Are Password Managers Really Safe?

Online security experts generally recommend a password manager as the best method for keeping all of your passwords safe. While password managers defend against unwelcome visitors by encrypting data, they may themselves be vulnerable to cyberintruders. When you use a password manager, you'll need to have some faith that the company behind the technology isn't cutting any corners with the security of your data. Even with these risks in mind, password managers are still a smart alternative to juggling dozens of passwords in your head or writing them on sticky notes.

What Are the Top Password Managers?

If you're committed to using a password manager, how do you decide which one to pick? Here are five highly rated options that might be right for you. Most of the services below come with basic free versions and subscription versions that have more features, but the free versions are good enough for most users.

  • Bitwarden: Bitwarden offers three password manager plans: a free basic version, a $10-a-year premium version and a $40-a-year family version. The free version is limited to one user, and includes the ability to sync all of your devices with Bitwarden and to generate secure passwords.
  • Dashlane: Dashlane offers three password manager plans: a free version, a $59.99-a-year premium version and an $89.99-a-year family version. Highlights of the free version include the ability to store as many as 50 passwords (limited to one device) and the availability of personalized security alerts.
  • NordPass: NordPass offers three password manager plans: a free version, a $29.88-a-year premium version and a $47.88-a-year family version. The free version syncs across all devices and saves unlimited passwords.
  • 1Password: 1Password offers two password manager plans: a $35.88-a-year basic version and a $59.88-a-year family version. Highlights of the basic version include unlimited devices and unlimited passwords. 1Password does not have a free version, but offers a 14-day free trial.
  • LastPass: LastPass offers three password manager plans: a free version, a $36-a-year premium version and a $48-a-year family version. The free version is limited to one user and one device type (desktop or mobile), includes access to a password generator and the ability to share passwords with family and friends.

How Else Can I Protect My Information Online?

Aside from protecting your passwords, what else can you do to safeguard your information online? Here are five tips.

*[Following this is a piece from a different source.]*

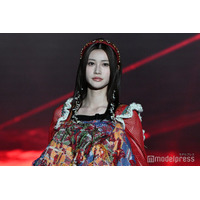 生見愛瑠、トップバッターで「TGCあいち・なごや2026」開幕 カラフルドレスで地元凱旋ランウェイ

  1. Don't share too much personal information online. Even simple things like your birthdate and hometown could lead to identity theft and other problems in the wrong hands.
  2. Be careful with Wi-Fi. Free Wi-Fi provided in public places like airports and coffee shops may be less secure than your Wi-Fi network at home.
  3. Treat links and attachments with caution. If you receive emails or text messages with links or attachments from unfamiliar sources, it may be an attempt to trick you into sharing personal data like credit card and Social Security numbers.
  4. Install security software. Technology like anti-malware and anti-virus software can stop hackers, cyberthieves and others from snooping around in your computer.
  5. Keep an eye out. Services like Experian's dark web scan can help you find out whether your information has been compromised. Identity theft protection from Experian can also help you keep your personal information safe.
  6. Use two-factor authentication. This is the security feature that sends a text message or email with a code or link you'll use to verify your identity. It may be a mild inconvenience, but using it whenever possible can put a stop to a hacker getting into your account.

Protecting your personal information online can involve many strategies and requires a careful eye to spot threats. Using a password manager won't cover every aspect of your online and financial life, but it'll help you take care of one very important part of it.